問⑥ 初めに、この大田区商店街連合会の防災用品あっせん販売における、感震ブレーカーシリーズの販売状況についてお伺いします。

                

答弁:防災危機管理課長

 区は、大田区商店街連合会の協力を得て、防災用品のあっせんを行っております。

 平成27年1月から、あっせん品目に簡易型感震ブレーカーを取入れ、昨年からはコンセントタイプの関心ブレーカーも加えております。

 防災用品のあっせんにつきましては、年2回、自治会町会への回覧や防災週間での展示、防災講話や防災訓練等における「防災用品あっせんのご案内」パンフレットの配布により周知しております。

 これまでの実績は、平成29年12月までの3年間で、166台、うちコンセントタイプ4台を購入いただいております。

                  

                     

 先ほど紹介した消防署の出張所長に、感震ブレーカーについての消防の取り組みを伺ってみました。消防庁では、住宅の建築確認に伴う消防同意時において感震安全装置付きの配線器具の使用に努めるよう火災予防通知書をもって申請者に通知している他、地震発災時における身の安全への備えとして広く都民に啓発している「地震に対する10の備え」では、火災発生の早期発見と防止対策として感震ブレーカーや感震コンセントなどの防災機器の設置を推奨し、地震発生時の出火防止対策に取り組んでいるとの事でした。

 また、様々な自治体でもこの感震ブレーカーの導入に向けた動きが加速し始めており、都内では荒川区が、区内に居住の高齢者世帯や障がい者とお住まいの世帯を対象に、感震ブレーカーなどの防災グッズを無料配布する事業予算として、当初予算案に2,170万円を計上しました。

 報道によると同区は、区内3,000世帯に対し、照明が消えた時のために自動点灯ライトとのセットで無料配布をすすめ、さらに希望者宅に担当者が訪問し、無料で設置するとのこと。

 また北区では昨年、十条仲原や志茂地区など、東京都の木密地域不燃化10年プロジェクトによる不燃化推進特定整備地区、いわゆる不燃化特区の指定対象地区の約1万世帯のうち希望する2,500世帯への無料配布を開始しております。

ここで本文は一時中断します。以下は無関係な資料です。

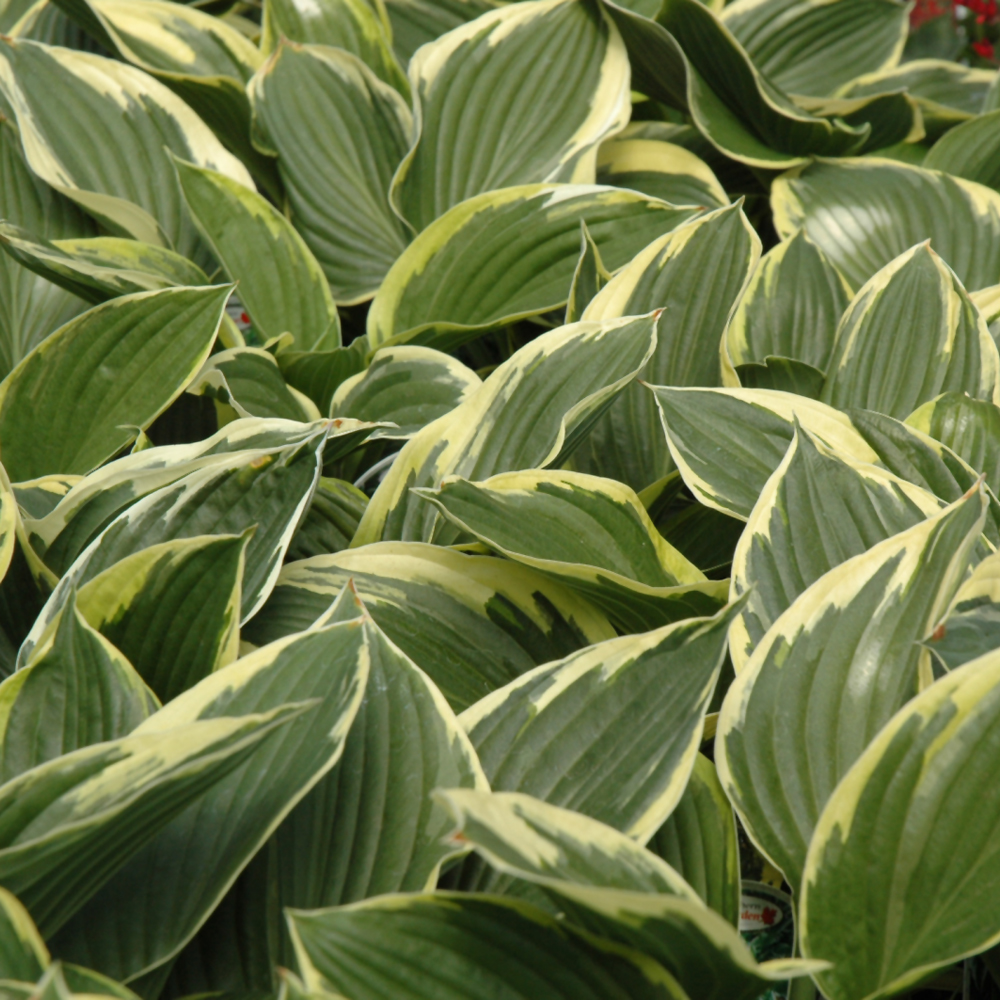 Golden Variegated Hosta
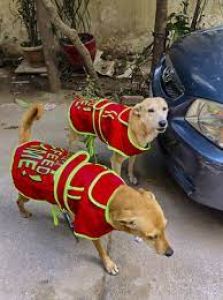 कड़ाके की ठंड में दिल्ली में आवारा कुत्तों के लिए सहारा बना एनजीओ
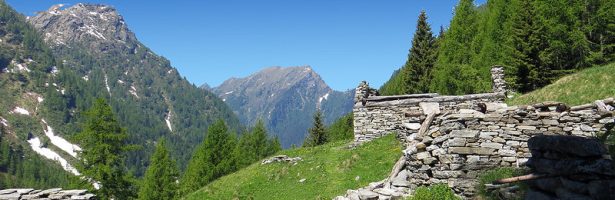 Pisardo (al Pisàart – Val Agrasino)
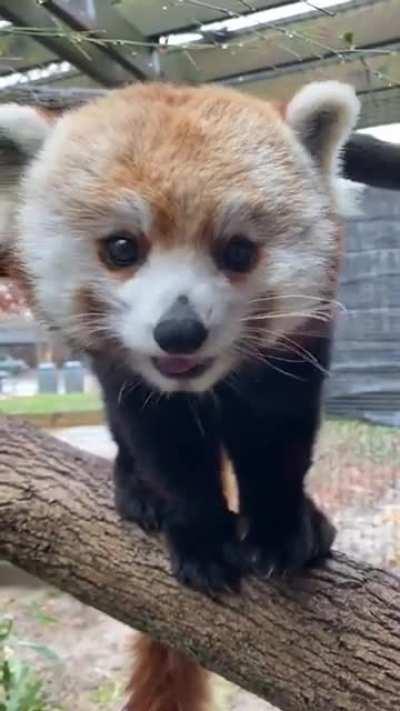 A cute red panda eating grapes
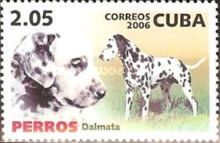 Dalmatian (Canis lupus familiaris)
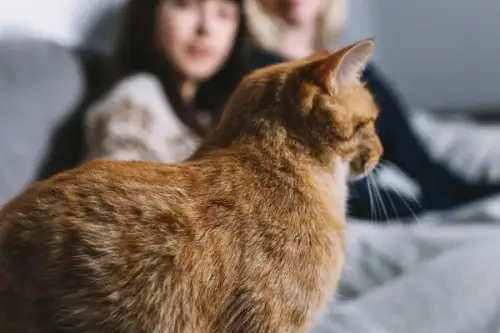 Pisicile ca animale de companie pentru apartamente mici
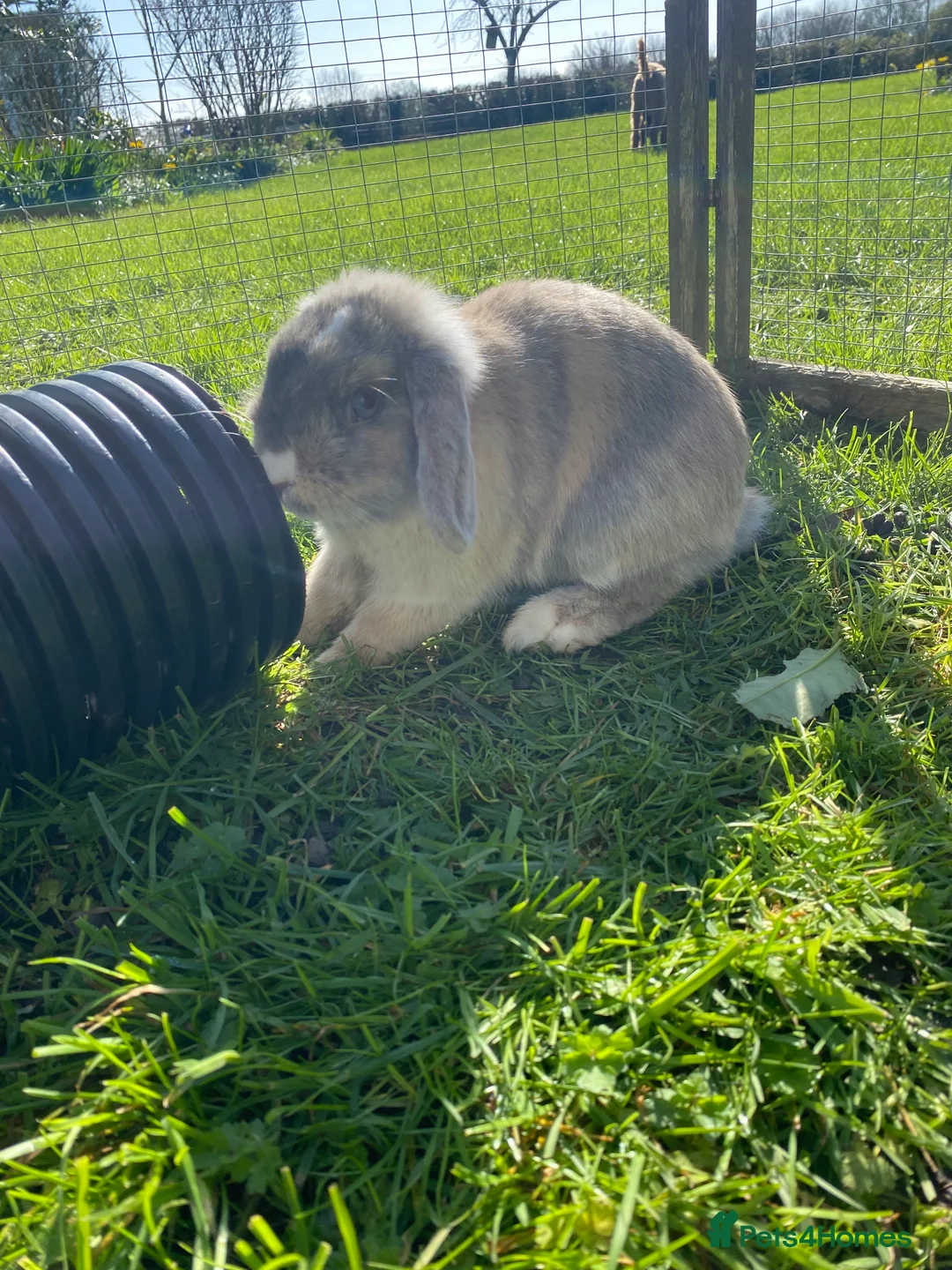Mini Lop rabbits for sale: Pure breed friendly lilac mini lop - vaccinated - Advert 2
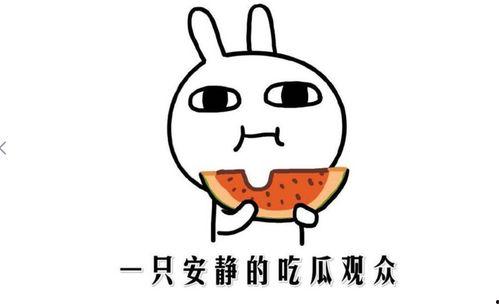 娱乐吃瓜名字怎么取的呀,揭秘“娱乐吃瓜”名字背后的趣味与智慧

 こうした状況を見るにつけ、本区においても特に不燃化特区の指定を受けた大森中地区(西糀谷・東蒲田・大森中)や羽田二(に)・三(さん)・六(ろく)丁目地区、特定整備路線の補助29号線沿道地区をモデル地区としてアンケート調査等を行いながら、大規模地震発災時における通電火災抑止に資する取り組みを進めていくことも大切かと思います。

 大田区ではこの感震ブレーカーについて、ホームページ上に『感震ブレーカーは通電火災を未然に防ぐために、有効な手段とされています。また、「木造住宅密集地域」には特に有効とされています。』とその有効性を表記するほか、内閣府・消防庁・経済産業省作成のパンフレットや、平成26年10月に行われた「大規模地震時の電気火災の発生抑制に関する検討会」での感震ブレーカー等の模擬実験の模様を紹介。また、防災週間や地域での防災訓練などを通して広く区民に啓蒙して下さっていることに対し心強く感じております。

                 

                

問⑦ そこで改めて、大田区が捉える感震ブレーカーの普及に関する見解などについてお伺いしますが、幅広い視点になると思います。長くても結構ですので、しっかりとしたご答弁をお願いします。

                 

答弁:防災危機管理課長

 区は、平成28年8月からホームページで、感震ブレーカーについての普及啓発のお知らせ及び普及啓発チラシを公開し、感震ブレーカーについて広く周知を図っております。

 感震ブレーカーは、地震の揺れで自動的にブレーカーを落とすものです。設置にあたっては、枕元に懐中電灯をご用意いただくなど戦機が遮断されることへ事前準備が必要なこと、また、復電火災を起こさないためには、ブレーカーをオンにする前に家の中を片付けるなどの復旧手順を十分にご理解いただくことが重要であると考えています。

 なお、東京電力では、平成27年9月の茨城県常総市における鬼怒川の堤防決壊による水災害を契機に、非常災害時における電力復旧手順の見直しをおこなっております。

 具体的には、被害を受けた送電設備の応急的な復旧工事を実施する前に、各ご家庭の設備と停電した配電線を、引き込み線もしくはメーターで、電気的に切り離し、復旧工事後、はじめに停電中の配電線への送電を行い、その後覚悟家庭を個別訪問し、家庭内の設備が漏電していないことを確認した上で、接続・通電を行い、不在の場合は送電を保留することにしたとのことです。

 これとは別に、官公庁の拠点、病院、避難所等につきましては、可能な限り個別に現地の状況を確認し、安全を確保しながら早期の送電再開に努めるとしております。

 こうした復旧時の安全性を重視した事業者の取組みで、熊本地震では、通電火災がゼロであったと報告されており、震災時の復電火災の発生については低くなってきていると思われます。

 しかしながら、災害発生直後に、通電している状態で、家庭内の配線等が損傷した場合には、火災が発生する可能性も考えられます。

 感震ブレーカーの特性を正しくご理解いただき、各ご家庭のライフスタイル・ご事情に合った感震ブレーカーをお選びいただくよう、引き続き適切な普及啓発に努めてまいります。

            

                

 内閣府防災担当が事務局となっている「大規模地震時の電気火災の発生抑制に関する検討会」が取りまとめた報告書(平成27年3月)の冒頭では、『感震ブレーカー等の普及に向けた取組は、阪神・淡路大震災から20 年を経た現在においても未だ緒に就いたばかりといえ、検討会においては普及に向けた様々な課題、特に住宅密集市街地等における面的な普及方策等については、さらなる検討が望まれる旨等の指摘もなされているところである。

 改めて地震火災は、多くの人や建物が集積している都市部や市街地ほど、その危険性が高くなる。一方で、地震がいつ発生するかを予測することは困難であったとしても、地震に伴って発生する可能性のある火災は、適切な対応を行えば相当程度その被害を軽減することができる種類の二次的な被害であるとも考えられる。』という前提に立ち、感震ブレーカー等の設置について研究・検証が重ねられていくなかで、広く国民の知るところとなることに期待するとしています。

 感震ブレーカーの導入が防災の一丁目一番地ではありませんが、地域防災に対して『今出来ること』の一つの手段として、本区においてもさらに検討を進めていただきたいと思います。

                

以 上、地域防災に関連して「備蓄品の管理」「市民組織との連携」「感震ブレーカーの現状」について質問させていただきました。大田区におかれましては、引き続き、区民の安心・安全な暮らしを守るための事業の推進をお願い申し上げ質問を終了いたします。